→ **To do**
Using the data below, return the stretch from the line that contains "Celebridade da Internet" through the line that contains "Gund Sesame Street", both included, exactly as it stands and nothing beyond it.

→ **Information**
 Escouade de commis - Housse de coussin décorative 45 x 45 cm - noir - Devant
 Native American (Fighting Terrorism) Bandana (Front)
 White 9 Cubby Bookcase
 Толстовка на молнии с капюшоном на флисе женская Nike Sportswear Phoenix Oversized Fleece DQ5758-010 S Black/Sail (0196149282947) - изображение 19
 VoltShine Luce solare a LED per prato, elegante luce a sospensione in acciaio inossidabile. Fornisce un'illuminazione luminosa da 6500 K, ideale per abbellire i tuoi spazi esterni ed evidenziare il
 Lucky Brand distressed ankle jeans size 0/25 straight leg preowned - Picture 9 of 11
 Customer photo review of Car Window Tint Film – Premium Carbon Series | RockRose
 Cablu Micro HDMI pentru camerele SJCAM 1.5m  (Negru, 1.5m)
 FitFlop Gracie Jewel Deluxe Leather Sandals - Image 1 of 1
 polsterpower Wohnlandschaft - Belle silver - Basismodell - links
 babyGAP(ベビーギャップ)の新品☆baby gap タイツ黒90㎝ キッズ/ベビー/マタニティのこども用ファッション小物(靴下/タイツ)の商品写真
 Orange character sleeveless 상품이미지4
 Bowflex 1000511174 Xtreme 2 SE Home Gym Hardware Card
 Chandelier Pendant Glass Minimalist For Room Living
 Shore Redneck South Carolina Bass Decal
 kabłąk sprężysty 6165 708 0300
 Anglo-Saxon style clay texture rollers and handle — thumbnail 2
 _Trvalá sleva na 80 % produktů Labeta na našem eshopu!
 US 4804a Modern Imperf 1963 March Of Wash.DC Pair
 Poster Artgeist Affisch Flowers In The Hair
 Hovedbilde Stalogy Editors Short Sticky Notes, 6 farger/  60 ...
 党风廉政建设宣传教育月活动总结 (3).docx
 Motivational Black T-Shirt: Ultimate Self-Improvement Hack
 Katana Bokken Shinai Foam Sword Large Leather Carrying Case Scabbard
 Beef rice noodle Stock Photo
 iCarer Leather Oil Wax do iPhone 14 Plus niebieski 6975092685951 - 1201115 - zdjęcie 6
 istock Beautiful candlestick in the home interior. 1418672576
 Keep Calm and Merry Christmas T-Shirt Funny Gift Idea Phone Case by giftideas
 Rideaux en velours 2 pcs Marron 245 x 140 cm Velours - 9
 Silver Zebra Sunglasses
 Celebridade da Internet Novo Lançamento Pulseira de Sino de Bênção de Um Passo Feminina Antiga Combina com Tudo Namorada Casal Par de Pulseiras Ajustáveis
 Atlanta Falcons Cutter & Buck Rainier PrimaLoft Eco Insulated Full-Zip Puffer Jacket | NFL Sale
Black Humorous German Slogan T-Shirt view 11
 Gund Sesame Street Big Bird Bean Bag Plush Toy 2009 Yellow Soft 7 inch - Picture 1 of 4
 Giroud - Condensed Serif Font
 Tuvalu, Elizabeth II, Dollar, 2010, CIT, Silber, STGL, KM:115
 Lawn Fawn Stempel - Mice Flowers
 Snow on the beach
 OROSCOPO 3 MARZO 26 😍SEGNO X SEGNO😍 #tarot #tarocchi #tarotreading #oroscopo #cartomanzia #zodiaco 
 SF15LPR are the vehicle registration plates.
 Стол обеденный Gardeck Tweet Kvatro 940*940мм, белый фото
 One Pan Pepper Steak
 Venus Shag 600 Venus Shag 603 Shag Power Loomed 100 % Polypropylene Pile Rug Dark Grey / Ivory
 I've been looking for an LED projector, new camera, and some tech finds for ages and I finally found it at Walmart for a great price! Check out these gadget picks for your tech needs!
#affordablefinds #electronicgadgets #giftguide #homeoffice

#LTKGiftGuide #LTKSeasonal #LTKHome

→ **Response for this exercise**
 Celebridade da Internet Novo Lançamento Pulseira de Sino de Bênção de Um Passo Feminina Antiga Combina com Tudo Namorada Casal Par de Pulseiras Ajustáveis
 Atlanta Falcons Cutter & Buck Rainier PrimaLoft Eco Insulated Full-Zip Puffer Jacket | NFL Sale
Black Humorous German Slogan T-Shirt view 11
 Gund Sesame Street Big Bird Bean Bag Plush Toy 2009 Yellow Soft 7 inch - Picture 1 of 4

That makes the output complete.